Although I left behind dear friends and a great job in Atlanta, these are two of the main things I remember about my last few months there: I was literally scared to close my eyes at night because I no longer felt safe living alone after a couple of unnerving incidents, and I had developed a raging case of temporomandibular joint syndrome. The TMJ specialist blamed it on my grinding my teeth in my sleep. Most mornings I’d wake up with my jaw frozen in place, and I could only chew on one side of my mouth because of the excruciating pain. Only an insurance mix-up prevented me from being fitted with an $800 corrective mouthpiece just before I left town. Within months of moving to the farm, however, my TMJ completely disappeared on its own. It hasn’t bothered me since. That tells me a lot.

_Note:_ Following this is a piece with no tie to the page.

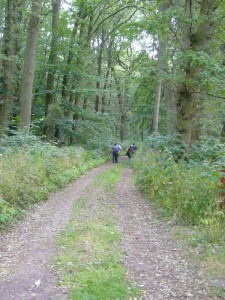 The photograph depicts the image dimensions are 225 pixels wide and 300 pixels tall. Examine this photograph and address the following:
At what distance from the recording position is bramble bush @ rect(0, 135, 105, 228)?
310 inches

So it wasn’t discontent I felt. It was more like a self-imposed apartness, a choosing not to belong, a vague notion of somehow being above it all.

But somewhere along the line, my outlook began to change. Slowly, I began to think of my fellow citizens in terms of “us” instead of “them.” On forays to the nearby north shore of Lake Pontchartrain, for instance, I started noticing that people there were, in general – how shall I put this? – a little more pretentious and a little less sincere
than people here. It annoyed me. And it reminded me of me.

Gradually, I stopped wishing that this backward little town would catch up with the rest of the world and started worrying that it would. I can remember driving through the last real small town left between us and the ever-encroaching Northshore and spotting a convenience store banner that said, “Cappuccino coming soon!” My first thought, to my surprise, was, “Oh, no.”

But looking back, it was having children that really brought me – or maybe shoved me – into the
fold of small-town life. It was almost as if I woke up one day and found myself involved. Involved in our sons’ school. With other families. With our church. With sports.

With the community.

I even joined a club, not because I especially wanted to but because I ran out of excuses to turn down a friend’s repeated invitations. Once a month for at least seven years now, I have met with about 10 other women to eat dinner, gossip, trade casserole recipes and play a mindless game called Pokeno. As a group we’ve been through illness, divorce, births and even a death, but mostly we just eat and play Pokeno. It’s the same old thing every month, and I always look forward to it.

Now I find myself helping with our town’s sesquicentennial extravaganza. It’s shaping up to be a celebration of
small-town life and how far we’ve come in the past 150 years. The irony of my participation is duly noted. I can’t say if things around here have really changed all that much, but I sure have.